ICIJ - Media organization that produces cross board investigative stories
+Network of Investigative Journalists, a network of trust, +190 journalists in more than 65 countries. 50% of the team is the data + research unit. Working not only data analysis for our projects but also tools to help journalists.
Some examples of ICIJ’s work:
- Secrecy for sale / Offshore leaks: 260 GB, 100.000 offshore COMP.
- Luxembourg Leaks: +500 secret tax agreements (PDF’s)
- Swiss leaks: 100k HSBC clients, $100 billion
Work in collaboration with media & journalists from the beginning: this is key for us. They are not publishing partners, we work together for 6 to 8 months.
Technologies
1) For unstructured data
raw files (data + metadata) detect the type (file, attachment) do we know how to extract the text? if we don’t know, log and tackle later if we do, extract, OCR repeat
3 million x 3 seconds per file = 1 year, running in a single machine.
Through Solr+Blacklight, we managed to reduce what took us 1 year / 35 machines —> to 11 days! YOHOO
As a front-end for Solr we have a project called Blacklight, it’s Ruby on Rails, developed initially for libraries use, that plugs in directly to Solr. Works extremely well. It’s Open Source, heavy development around it, added a lot of features that journalists use. Some useful features are Lucene syntax queries with proximity matching and highlighted search. 200 people are using this system in a specific project, going on right now Limit results / data update, path, year created or sent, type
2) For us it’s about content, it’s about publishing stories, making the big splash. We work with a Social Network platform. Kind of a Facebook for Investigative Journalists **(name?). A platform for making the journalists post their investigations, share links, files, and be updated on what happens.

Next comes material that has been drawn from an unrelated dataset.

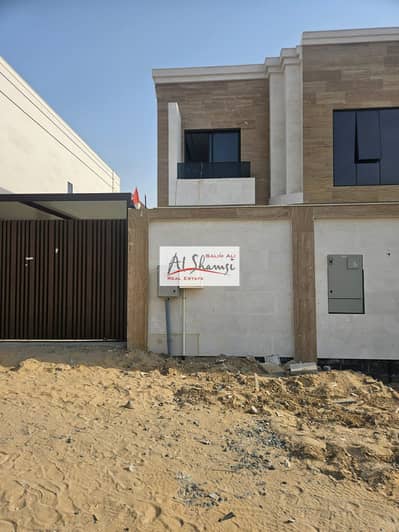 10+ Camere Villa in Vendita a Hoshi, Sharjah - f6d30877-f710-45a4-932a-55197e956367. jpg 10+ Camere Villa in Vendita a Hoshi, Sharjah - f6d30877-f710-45a4-932a-55197e956367. jpg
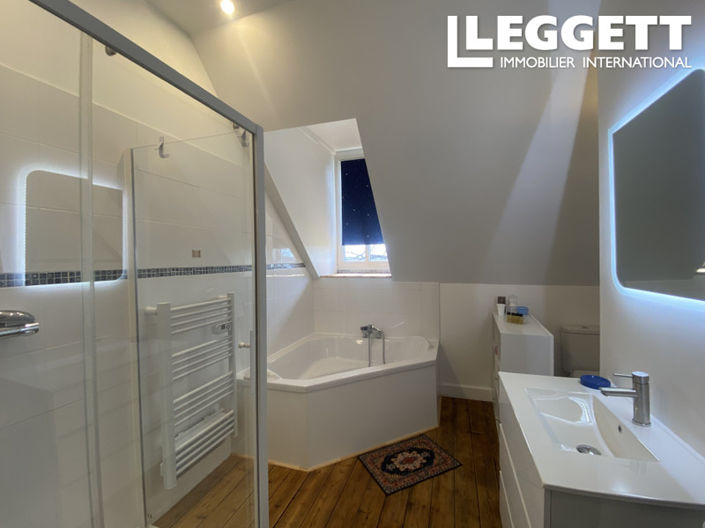 Image No.7-9 Bed House for sale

It’s where most of discussions about feature development happen.
3) Other tools
Linkurious for graph analysis.
What Linkurious has allowed us is put the data in Neo4j, plug it in the platform and have a graph database for journalists. Something important that it for journalists is that it let’s you do a fast analysis and “My notes”. Here’s where structured data comes together.
Summary of our stack, the tech that we are using:
Unstructured data extraction
- ICIJ Extract, open source, Java: https://github.com/ICIJ/extract), leverages Apache Tika +. Much more advances than the Tika and bundles other libraries.
Structured data extraction
- A bunch of Python
Database
- Apache Solr (Open source, Java)
- Redis (Open source, C)
- Neo4j (Open source, Java)
Front end app
- Blacklight (Open source, Rails)
- Linkurious (Closed source, JS)
The next steps:
- Entity extraction
- Making our data silos talk (Big issue).
Our current challenge (global data sharing):
Work with knowledge that our journalists have on document managing. We did a survey, when we asked them about what kind of data they had: Word and documents.
We are trying to develop a platform idea that would connect different investigations + using the data they’ve already collected:
Offshore laks <-> Bank accounts
- UK Contractors
- Sanctions data / USA (One-way data check)
- Argentinians fraudsters
- Indian politicians
We are working in a basic simple tool that can allow entity index.